When the ISO is evaluating more than one Examined Facility concurrently, the ISO shall recognize in its computation of the anticipated ICAP Spot Market Auction forecast price that Generators or UDR facilities will clear from lowest to highest, using for each Examined Facility the lower of (i) the first year value of its Unit Net CONE, or (ii) the numerical value equal to 75 percent of the Mitigation Net Cone, then escalated in accordance with 23.4.5.7 for each of the year two and year three of the Mitigation Study Period. .

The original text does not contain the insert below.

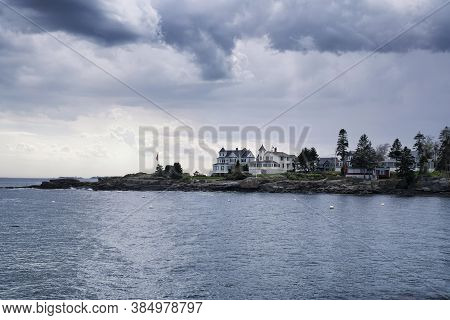Large Coastal Maine Homes On Johns Bay In Bristol Maine Under A Stormy Dramatic Sky.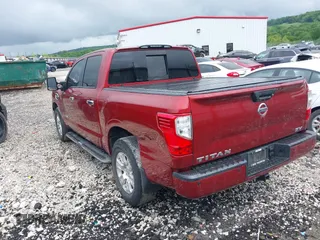 2017 Nissan Titan Platinum Reserve z VIN 1N6AA1E67HN506425, wystawiony jako IAAI lot #42147358 z przebiegiem 88 519 mil mil oraz . Historia ofert i sprzedaży dostępna na DreamBid. Obrazek 3.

23.4.5.7.3.3All developers, Interconnection Customers, and Installed Capacity Suppliers for any Examined Facility that do not request CRIS shall provide data and information requested by the ISO by the date specified by the ISO, in accordance with the ISO Procedures. For any such Examined Facility that is in a Class Year but that only has ERIS rights after the Project Cost Allocation process is complete, the ISO shall utilize the data first provided in its analysis of the Unit Net CONE in its review of the project in any future Class Year in which the Generator or UDR facility requests CRIS. The ISO shall determine the reasonably anticipated Unit Net CONE less the costs to be determined in the Project Cost Allocation or Revised Project Cost Allocation, as applicable, prior to the commencement of the Initial Decision Period Class Year, and shall provide to the Examined Facility the ISO’s determination of an exemption or the Offer Floor. On or before the three (3) days prior to the ISO’s issuance of the Revised Project Cost Allocation, the ISO will revise its forecast of ICAP Spot Market Auction prices for the Capability Periods in the Mitigation Study Period based on the Examined Facilities that remain in the Class Year for CRIS and the Examined Facilities that meet 23.4.5.7.3 (II) or (III). When evaluating Examined Capacity pursuant to this Section 23.4.5.7, the ISO shall seek comment from the Market Monitoring Unit on matters relating to the determination of price projections and cost calculations. The ISO shall provide to each project its revised price forecast for a Subsequent Decision Period no later than the ISO’s issuance of a Revised Project Cost Allocation. The ISO shall inform the project whether the Offer Floor exemption specified above in this Section is applicable as soon as practicable after completion of the relevant Project Cost Allocation or Revised Project Cost Allocation, in accordance with methods and procedures specified in ISO Procedures. The responsibilities of the Market Monitoring Unit that are addressed in this section of the Mitigation Measures are also addressed in Section 30.4.6.2.11 of Attachment O.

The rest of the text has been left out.